Hiroshima mon amour de Marguerite Duras, adaptation et mise en scène de Bertrand Marcos
Hiroshima mon amour de Marguerite Duras, adaptation et mise en scène de Bertrand Marcos
Au printemps 1958, la société Argos sollicite Marguerite Duras : elle avait produit Nuit et brouillard d’Alain Resnais, et avait passé commande au cinéaste d’un long métrage sur Hiroshima et les effets de la bombe atomique. Le cinéaste veut donner à son film un éclairage féminin, et, après avoir pensé à Françoise Sagan et à Simone de Beauvoir, choisira Marguerite Duras.L’année de la parution de Moderato Cantabile, elle écrit le synopsis d’Hiroshima mon amour, en collaboration avec Alain Resnais et Gérard Jarlot.
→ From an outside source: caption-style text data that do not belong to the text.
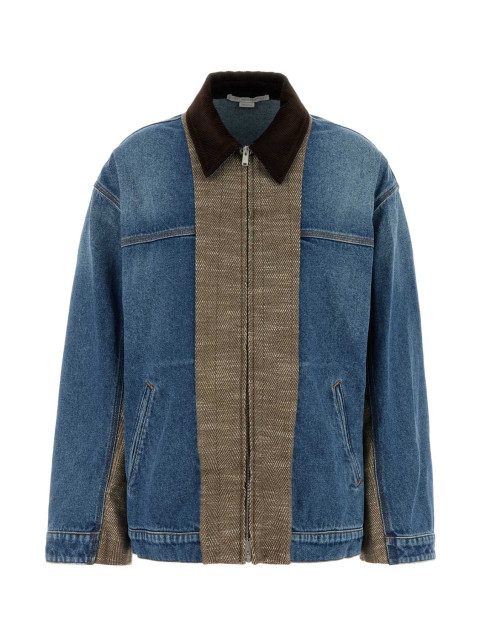 [Stella McCartney] Casual Jacket SS25 6D03193SPH98 4233
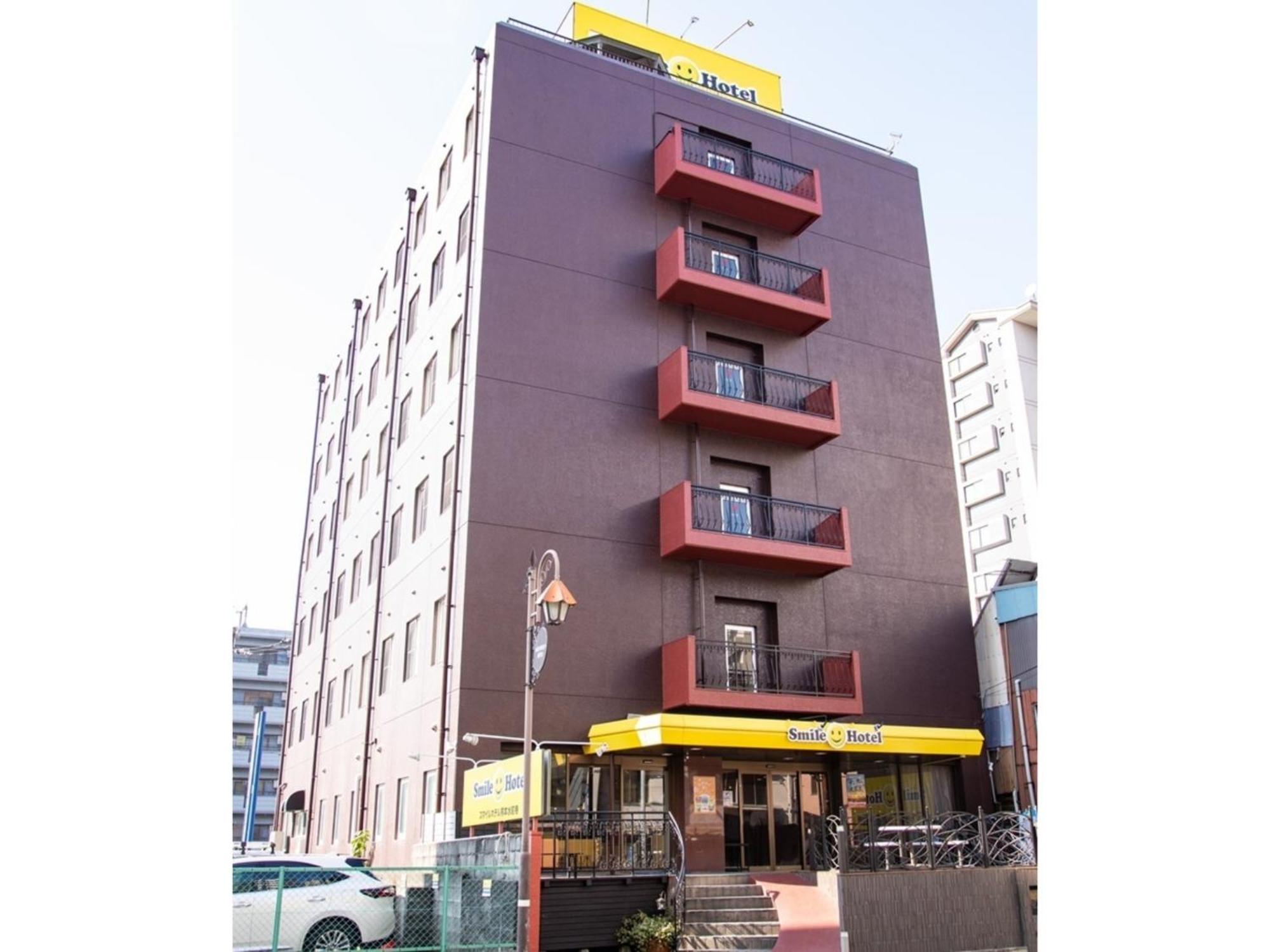 Smile Hotel Kumamoto Suizenji - Vacation Stay 73038V מראה חיצוני תמונה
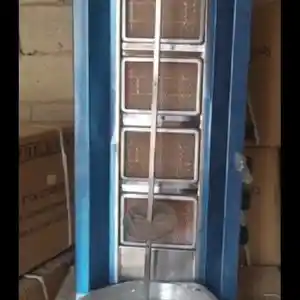 Аппарат для приготовления шаурмы, Душанбе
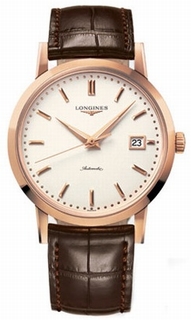 Longines Mens L2.719.8.12.2Watch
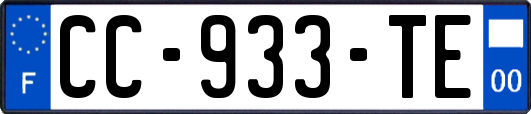 CC-933-TE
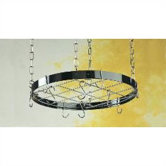 Gourmet Custom Round Hanging Pot Rack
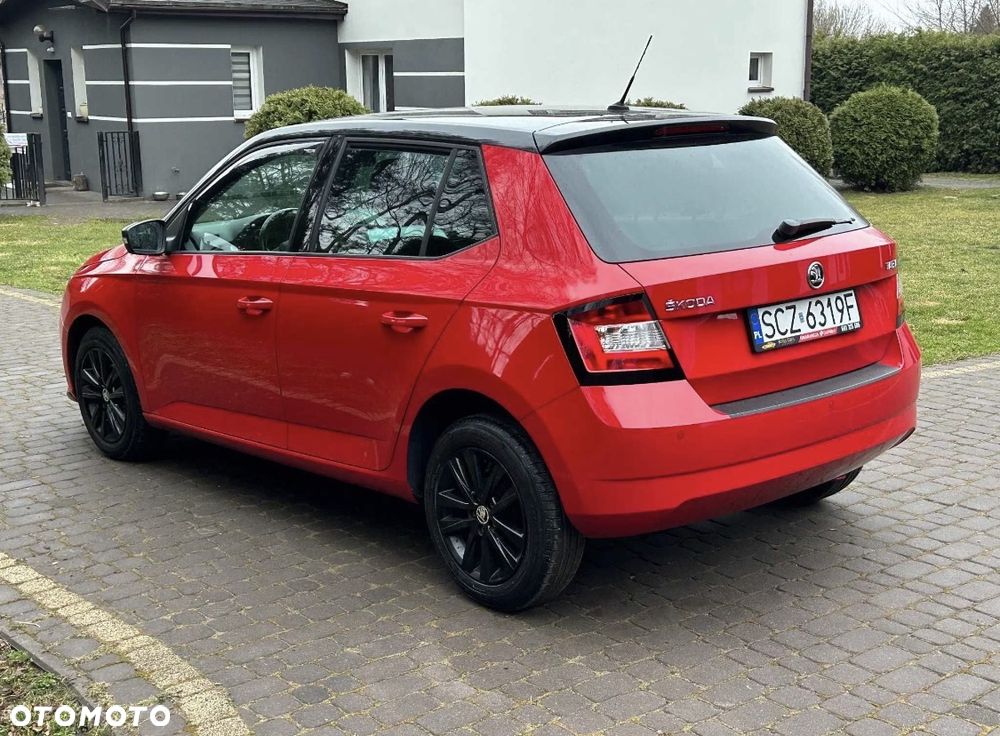 Skoda Fabia - 5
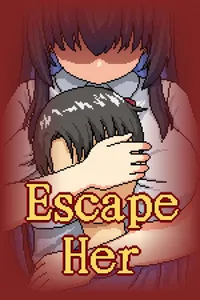 Escape Her cover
La sortie du film, tourné en août et en septembre au Japon, puis en décembre à Nevers, avait été prévue pour le festival de Cannes 1959. Mais non retenu par la commission de sélection, il sera projeté hors festival : un succès ! La grande réussite du scénario tient à ce que Marguerite Duras a compris que, face à un tel thème, elle était confrontée à l’indicible : «J’ai voulu imposer l’impossibilité d’accrocher, d’amarrer l’événement d’Hiroshima à la catastrophe fantastique que représente Hiroshima, une affabulation quelconque.» Quand elle fait dire au début : «Tu n’as rien vu à Hiroshima », cela signifiait pour elle : tu ne verras jamais rien, tu n’écriras rien, tu ne pourras jamais rien dire sur cet événement. A partir de l’impuissance de parler de l’inouï, elle dit avoir fait le film.
Comme le note Bernard Pingaud (Inventaire), le film «n’est pas l’histoire d’un amour ou de deux amours, ni celle d’un bombardement» mais celle d’un oubli. Ainsi, se souvenir de l’être aimé comme de l’oubli de l’amour même, ou penser à cette histoire comme à l’horreur de l’oubli : «On croit savoir et puis, non jamais.» Le nombre de tués par l’explosion, la chaleur et la tempête de feu consécutive, n’est pas déterminé, mais le Département de l’Énergie des États-Unis l’évalue à 70.000 à Hiroshima le 6 août 1945, et 40.000 à Nagasaki, trois jours plus tard. Face à tous ces morts, l’histoire de la mort d’un seul amour est racontée par Elle qui n’en finit pas de souffrir « qu’avec le temps va tout s’en va.» Elle (Fanny Ardant), belle silhouette élancée à la robe noire et aux épaules nues et Lui , en voix off, grave, calme et imposante« Quatre fois au musée de Hiroshima. J’ai regardé les gens. J’ai regardé moi-même pensivement, le fer. Le fer brûlé, Le fer brisé, le fer devenu vulnérable comme la chair. J’ai vu… Des peaux humaines flottantes, survivantes, encore dans la fraîcheur de leurs souffrances. Des pierres. Des pierres brûlées. Des pierres éclatées… » Elle dit n’avoir rien inventé, il rétorque qu’elle a tout inventé, mais elle nie encore.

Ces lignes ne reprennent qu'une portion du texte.